Il primo elemento che risalta nell’affresco è proprio Cristo, che cavalca un asino, questo avvenimento dell’asino è interessante in quanto solo nel vangelo di Matteo è specificato, interessante il fatto che Matteo che è un Israelita e scrive il Vangelo per comunità ebraiche che credono in Gesù, il sottolineare la presenza dell’asino è per far riferimento al profeta Zaccaria che dice: “Esulta grandemente figlia di Sion, giubila, figlia di Gerusalemme! Ecco, a te viene il tuo re. Egli è giusto e vittorioso, umile, cavalca un asino, un puledro figlio d'asina.” (Zc 9,9). Il re si avvicina a Gerusalemme ma è un re diverso da tutti quelli che il mondo conosce, è un re di umiltà che cavalca l’asina. Sempre il profeta Zaccaria parla di come il messia entra a Gerusalemme, cioè passando dal monte degli ulivi ed entrando a Gerusalemme (cf Zc 14,4), Matteo descrive in modo analogo la stessa scena e infatti parla di Betfage, che è sul lato opposto del monte degli ulivi.
Alle spalle di Gesù vi sono i discepoli che si guardano increduli di quello che sta avvenendo, infatti poche pagine prima di questo racconto il Vangelo ci narra che Gesù deve scappare per non essere ucciso.

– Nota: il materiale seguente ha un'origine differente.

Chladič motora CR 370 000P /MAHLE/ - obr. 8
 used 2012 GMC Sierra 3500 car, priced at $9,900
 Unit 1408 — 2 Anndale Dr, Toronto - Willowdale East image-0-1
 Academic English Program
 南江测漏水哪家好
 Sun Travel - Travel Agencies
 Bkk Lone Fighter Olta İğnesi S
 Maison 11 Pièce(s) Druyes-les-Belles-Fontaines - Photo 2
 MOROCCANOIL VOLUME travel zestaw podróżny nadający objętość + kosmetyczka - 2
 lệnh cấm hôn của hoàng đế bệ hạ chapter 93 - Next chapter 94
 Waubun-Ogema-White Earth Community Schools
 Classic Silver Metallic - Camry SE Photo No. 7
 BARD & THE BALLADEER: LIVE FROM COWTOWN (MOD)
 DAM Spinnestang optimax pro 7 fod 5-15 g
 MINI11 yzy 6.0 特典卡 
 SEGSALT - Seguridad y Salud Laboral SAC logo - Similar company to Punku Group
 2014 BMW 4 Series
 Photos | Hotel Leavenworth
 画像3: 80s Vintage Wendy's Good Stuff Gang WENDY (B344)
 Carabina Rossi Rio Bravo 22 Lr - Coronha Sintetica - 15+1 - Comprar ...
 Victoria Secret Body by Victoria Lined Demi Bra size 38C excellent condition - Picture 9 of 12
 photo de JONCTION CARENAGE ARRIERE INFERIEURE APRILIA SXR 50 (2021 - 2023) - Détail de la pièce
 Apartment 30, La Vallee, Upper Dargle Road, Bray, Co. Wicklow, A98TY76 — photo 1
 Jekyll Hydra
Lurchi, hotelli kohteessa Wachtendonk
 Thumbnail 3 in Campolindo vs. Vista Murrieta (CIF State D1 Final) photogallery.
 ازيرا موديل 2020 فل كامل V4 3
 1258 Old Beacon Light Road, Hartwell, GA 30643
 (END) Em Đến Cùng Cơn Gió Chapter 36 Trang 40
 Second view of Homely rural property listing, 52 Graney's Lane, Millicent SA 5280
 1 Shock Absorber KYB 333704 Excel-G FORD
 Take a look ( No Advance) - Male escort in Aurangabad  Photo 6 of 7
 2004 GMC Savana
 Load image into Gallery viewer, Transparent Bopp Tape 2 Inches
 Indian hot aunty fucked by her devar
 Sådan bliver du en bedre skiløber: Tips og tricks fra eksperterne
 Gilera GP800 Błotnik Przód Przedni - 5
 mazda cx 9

In alto troviamo dei ragazzi che si arrampicano sull’albero per prendere i rami di ulivo e gettarli a terra dove passa Gesù questo è un chiaro simbolo di regalità che si faceva quando passava qualcuno di importante.
La cosa più interessante a mio parere sono le persone che accolgono Gesù, il Vangelo ci parla che oltre ai rami stesi a terra dove passava Gesù molti stendevano anche il proprio mantello. Qui Giotto a mio parere ha un intuizione geniale, raffigura esattamente la scena descritta dal Vangelo ma con la particolarità di un uomo che non getta a terra il mantello ma si sta spogliando dell’unica tunica. Quest’uomo ha capito che difronte a Gesù, il Cristo bisogna mettersi a nudo, spogliarsi delle proprie strutture dei propri averi delle proprie convinzioni per poter accogliere in pienezza Cristo. Imitare in tutto il maestro Gesù che “spogliò se stesso, assumendo la condizione di servo” (Fil 2,7).